More precisely, we consider three coordinate frames in our algorithm. The first one is the world coordinate frame W, in which the output positions are estimated. W is set to be the global coordinate frame from the Android API at the first sample. The second one is the IMU/device coordinate frame I (marked with blue arrows in the right figure) in which IMU readings are provided by the Android APIs. Lastly, we leverage the gravity direction from the system to define our stabilized-IMU frame S, where the device pitch and roll are eliminated from I by aligning its y-axis with the gravity vector (see the green arrows in the right figure). This coordinate frame makes our regression task easier, since the regression becomes independent of the device pitching and rolling.

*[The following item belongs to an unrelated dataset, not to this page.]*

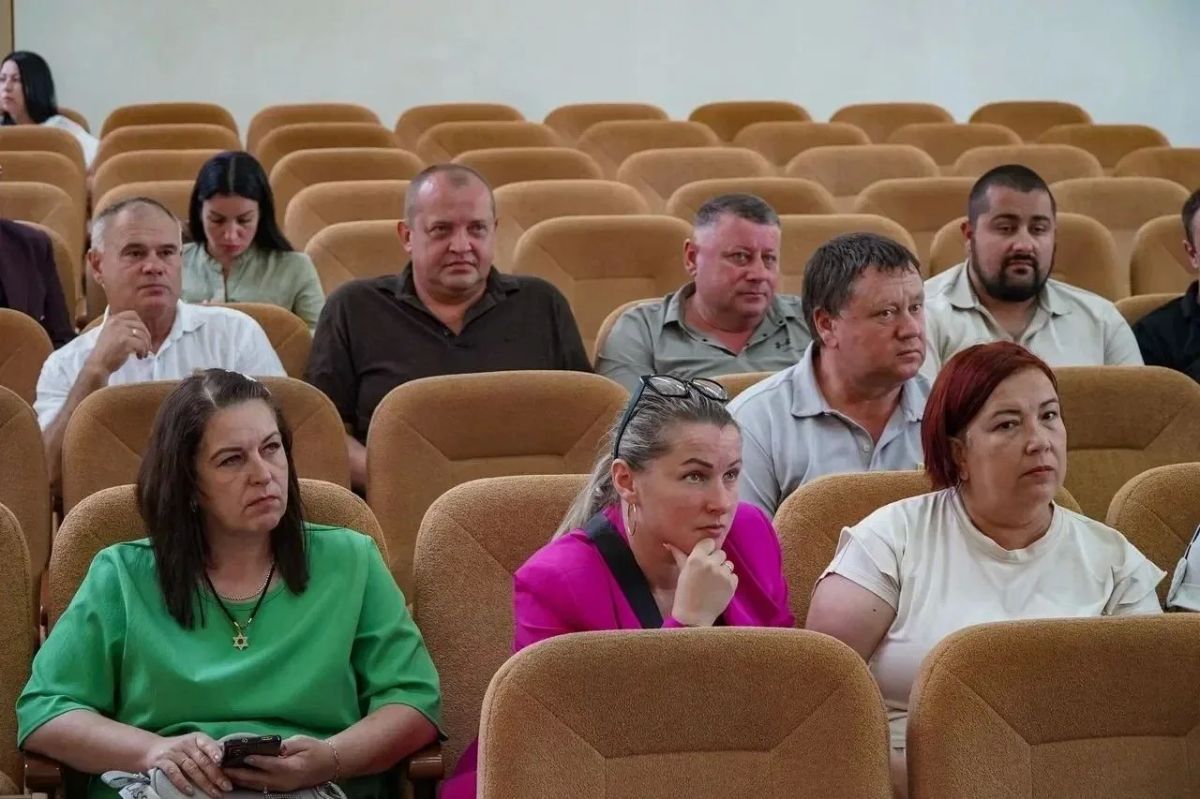 Единая Россия в Мелитополе: подготовка к сессии и контроль за безопасностью Единая Россия в Мелитополе: подготовка к сессии и контроль за безопасностью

4.2 Learning to Regress Velocities

We learn to regress velocities in the stabilized IMU frame S. For each training sequence, we transform device poses (in W), and IMU readings (angular velocities and linear accelerations, in I) into S. The central difference generates velocity vectors from the transformed device poses (ignoring the vertical direction). To suppress high-frequency noise, we apply Gaussian smoothing with $\sigma =2.0$ samples to 6 IMU channels, and with $\sigma =30.0$ samples to 2 velocity channels, respectively. We concatenate smoothed angular velocities and linear accelerations from the past 200 samples (i.e., 1 s) to construct a 1200 dimensional feature vector (Fig. 4).

People carry smartphones in different ways, exhibiting different IMU signal patterns. We assume that a phone is either (1) in a leg pocket, (2) in a bag, (3) held by a hand, or (4) on a body, and exploit this knowledge to propose a cascaded regression model (See Fig. 3). More precisely, a Support Vector Machine (SVM) first classifies the placement to be one of the above four types, then two type-specific $\epsilon $-insensitive Support Vector Regression (SVR) [26] models estimate two velocity values independently (ignoring the vertical direction). The hyper-parameters for each model are tuned independently by the grid search and 3-fold cross validation, based on the mean squared error on the regressed velocities. The grid-search finds the soft-margin parameter $C=10.0$ for SVM. Table 1 summarizes the chosen parameters for SVR models.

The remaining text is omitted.